Les gardiens l’ont approchée au moment où elle plongeait dans la piscine et lui ont dit qu’elle n’avait pas le droit d’y pénétrer avec un maillot de bain islamique, et que ces règles avaient été stipulées « dans le contrat ». Sara a répondu que le contrat indiquait seulement que le maillot de bain devait être composé d’une ou deux pièces et que le sien était un deux-pièces.
La discussion s’est rapidement envenimée, « ils sont devenus plus agressifs, se mettant à crier puis à jurer ». Sur une page Facebook dédiée aux membres de La Vista, Sara a ensuite écrit qu’elle s’élevait contre ces pratiques, exigeant que les femmes en hijab puissent être autorisées à accéder à n’importe quelle piscine du complexe. Les managers ont réagi en supprimant du groupe tous les membres de sa famille, « sauf la femme de mon oncle, qui a un nom de famille différent ».
« Ensuite, ils nous ont coupé l’électricité… seulement à nous. Nous savons qu’ils l’ont fait exprès », affirme Sara, qui explique que les responsables des lieux ont répondu à l’une de ses tantes qui était allée demander pourquoi l’électricité avait été coupée que celle-ci serait rétablie si elle et sa famille « arrêtaient » de faire ce qu’ils étaient en train de faire.
Après cet incident, Sara et une poignée d’autres femmes de la station balnéaire sont allées se baigner dans la piscine faisant face à la mer dans leur tenue de bain islamique.
Leur action a provoqué un rassemblement, « et les gens ont commencé à se disputer… certains étaient en faveur, d’autres contre, et finalement le président du complexe est venu et a suggéré de négocier ». La nouvelle de l’incident s’est rapidement propagée sur Internet, et les responsables du lieu ont fini par proposer à la famille de Sara de racheter leur villa.

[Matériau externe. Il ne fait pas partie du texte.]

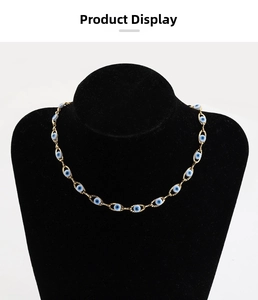Detailed shot of golden evil eye beaded chain on black jewelry mannequin display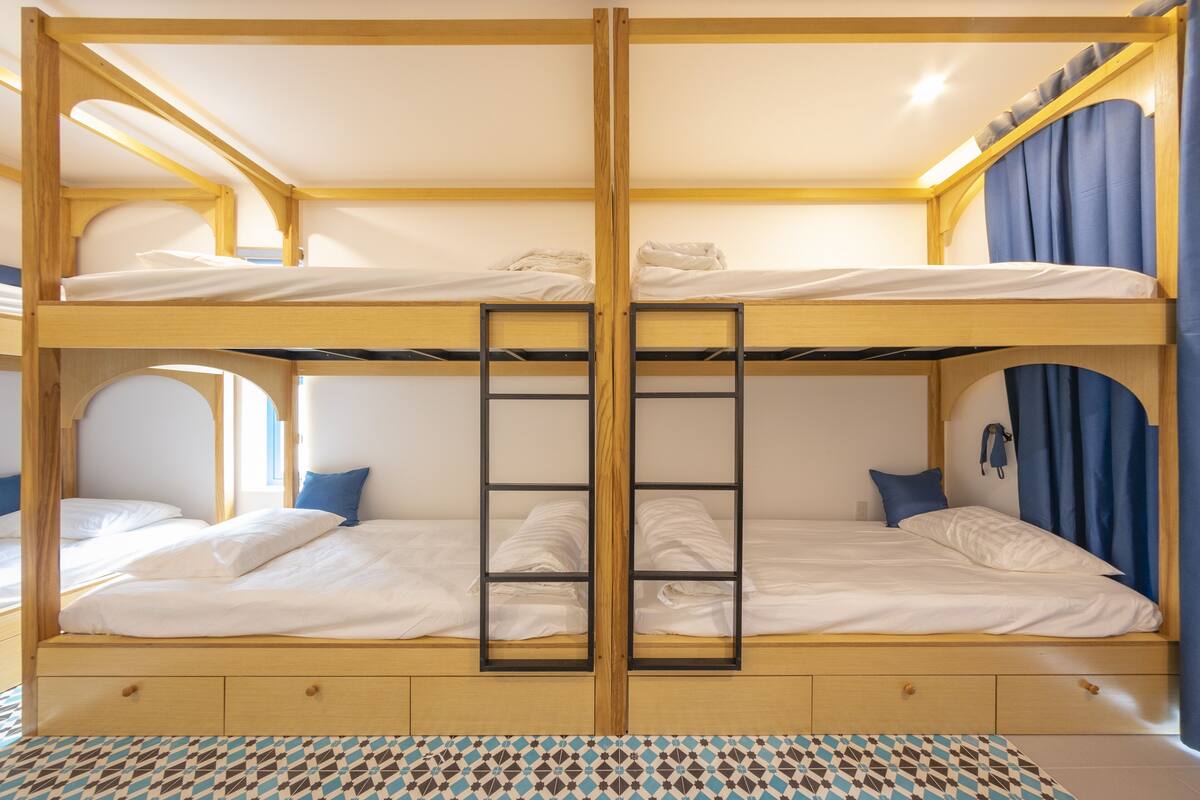 A bunk bed room with a ladder, wooden frame, and a patterned floor.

« En gros, ils voulaient se débarrasser de nous », pense Sara. À la fin, sa famille et elle ont accepté de ne pas aggraver la situation et Sara a mis fin à ses protestes.
« Propre » vs « bi'a »
Le directeur a prétendu que la règle était basée sur des « considérations hygiéniques », a indiqué Sara. « Mais c’est idiot. Cette tenue de bain est faite de la même matière que n’importe quel autre maillot de bain. » Au lieu de cela, Sara pointe les tendances classistes de ces complexes et stations touristiques onéreux.

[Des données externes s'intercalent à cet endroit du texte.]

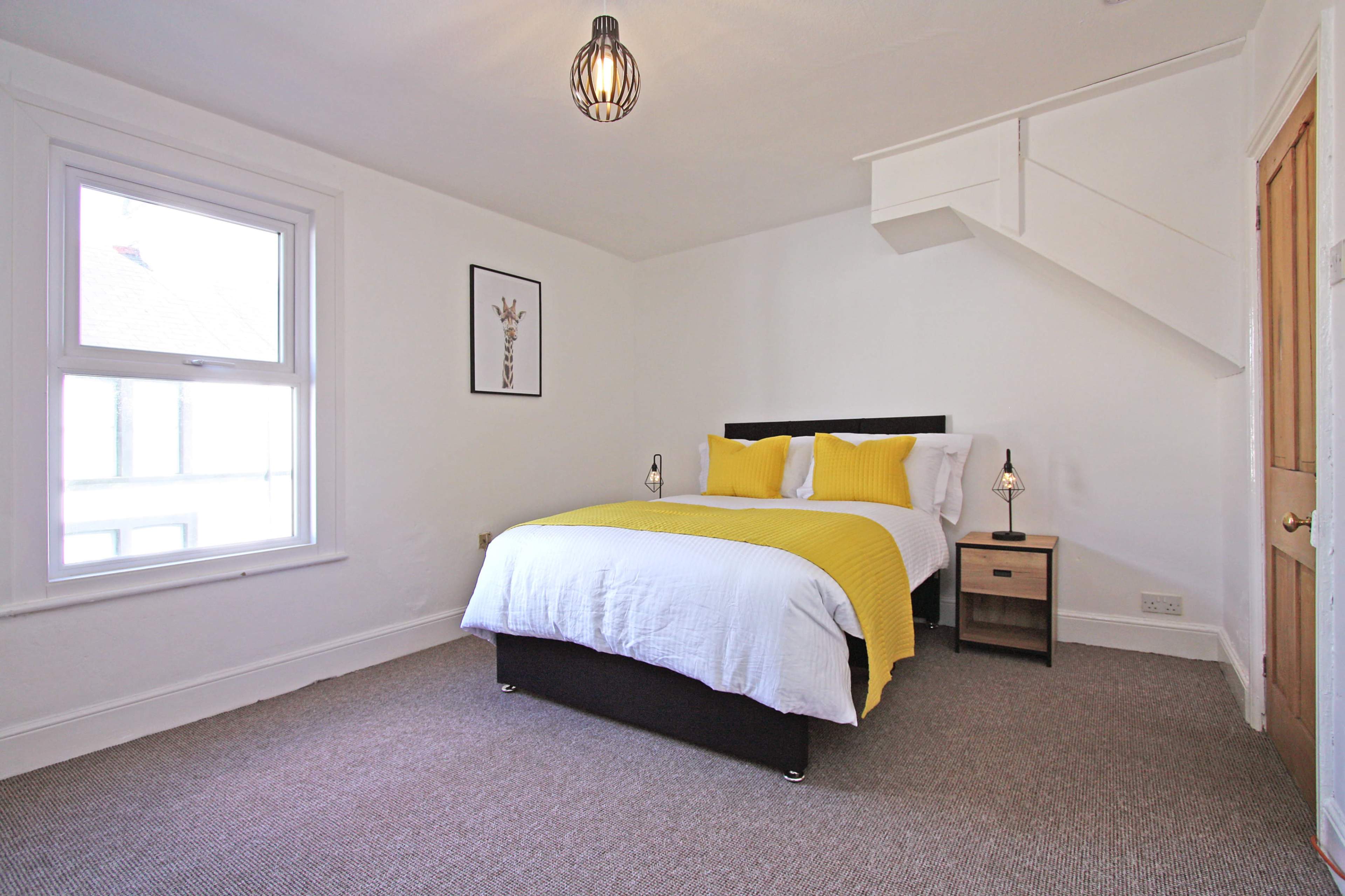 The image shows a bright bedroom with a double bed dressed in white linens and yellow accents, a nightstand with lamps, and a window providing natural light.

« Ils veulent maintenir une certaine image et ils voient le hijab ou le maillot de bain islamique comme bi’a », explique-t-elle en employant un terme du dialecte égyptien utilisé pour se référer de façon péjorative à la classe ouvrière. « Ils pensent que ce n’est pas classe. »
« Il y a une piscine couverte pour les [femmes] voilées, une piscine extérieure pour les femmes voilées et une piscine pour les femmes non voilées », a répondu une employée de La Vista contactée par téléphone par Middle East Eye. Elle a ajouté que puisque les clients avaient des « styles de vie » différents, le complexe « avait recours à des arrangements susceptibles de mettre chaque personne à l’aise ».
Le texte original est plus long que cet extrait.